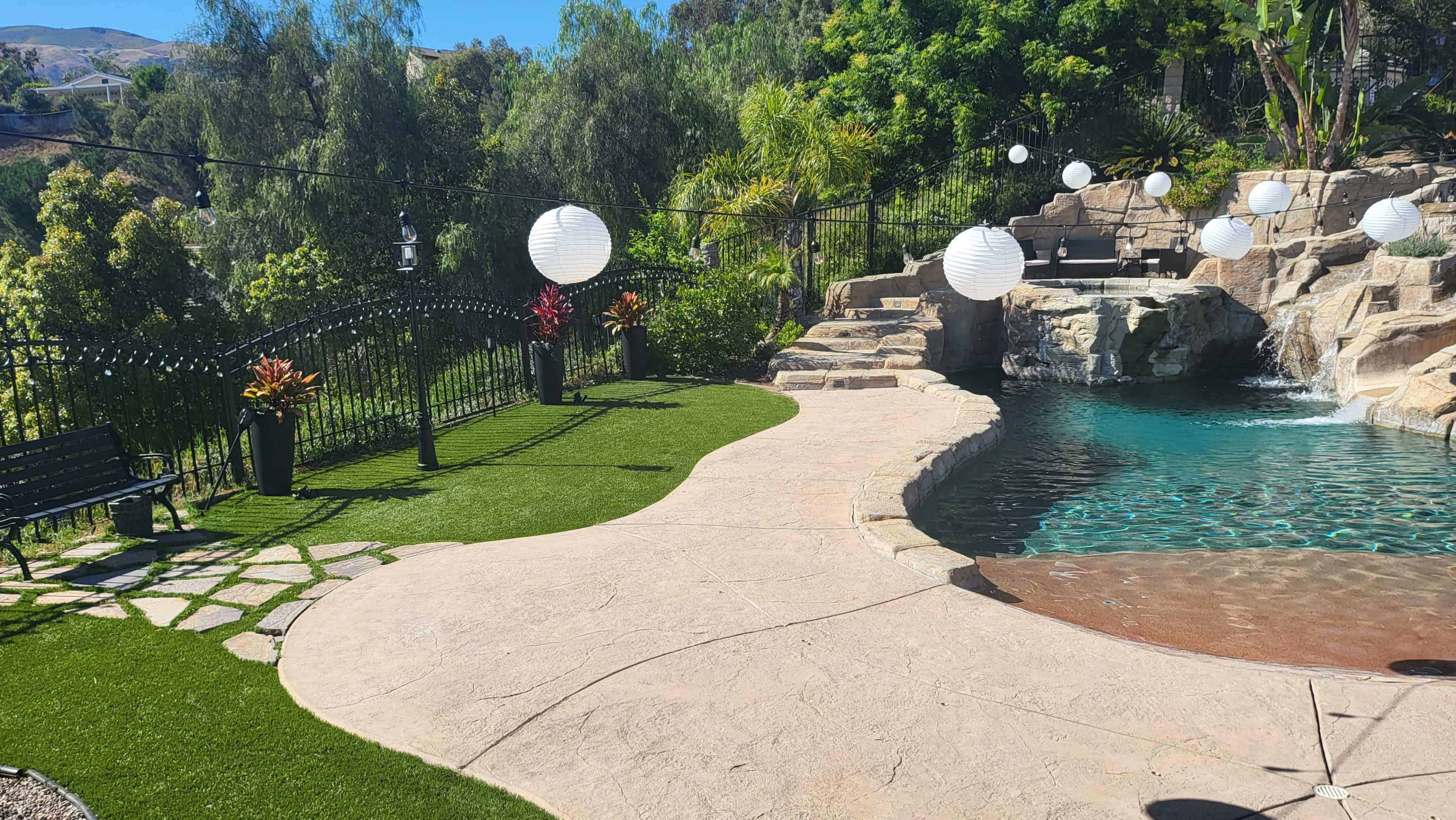 A landscaped backyard featuring a pool, stone steps, green grass, and decorative lanterns hanging above.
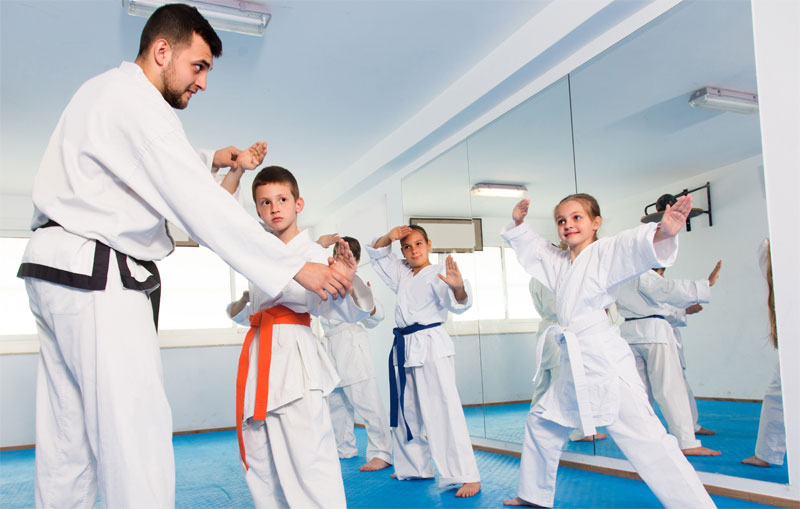 Coach correcting child using praise correct praise method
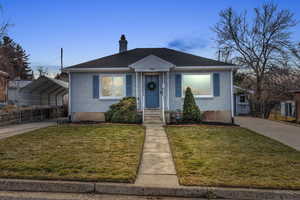 Bungalow-style home featuring a front lawn and a carport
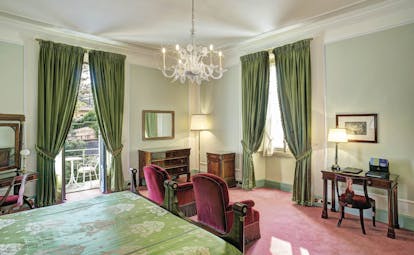 Villa d' Este Lake Como deluxe room traditional décor bed and seating area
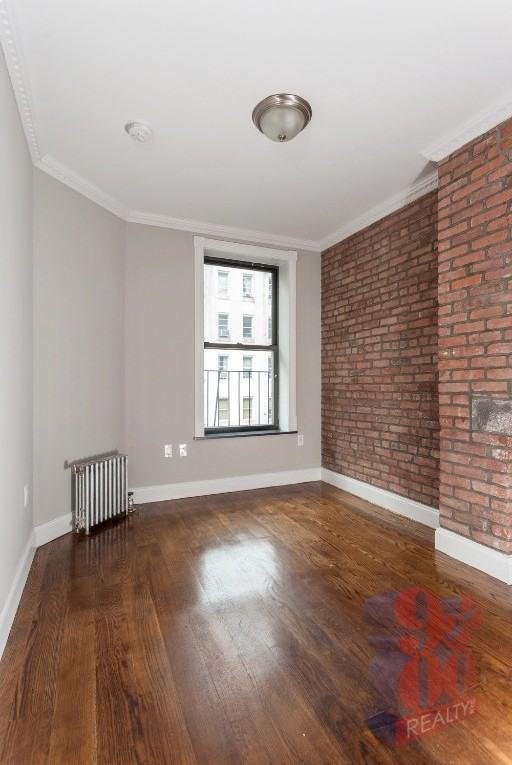 E 9th St #7 - Photo 4 of 5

───

Return only the lines from the one that contains "Villa d' Este" through the closing line of the data, inclusive, reproduced exactly and with every picture left out.

 Villa d' Este Lake Como deluxe room traditional décor bed and seating area
 E 9th St #7 - Photo 4 of 5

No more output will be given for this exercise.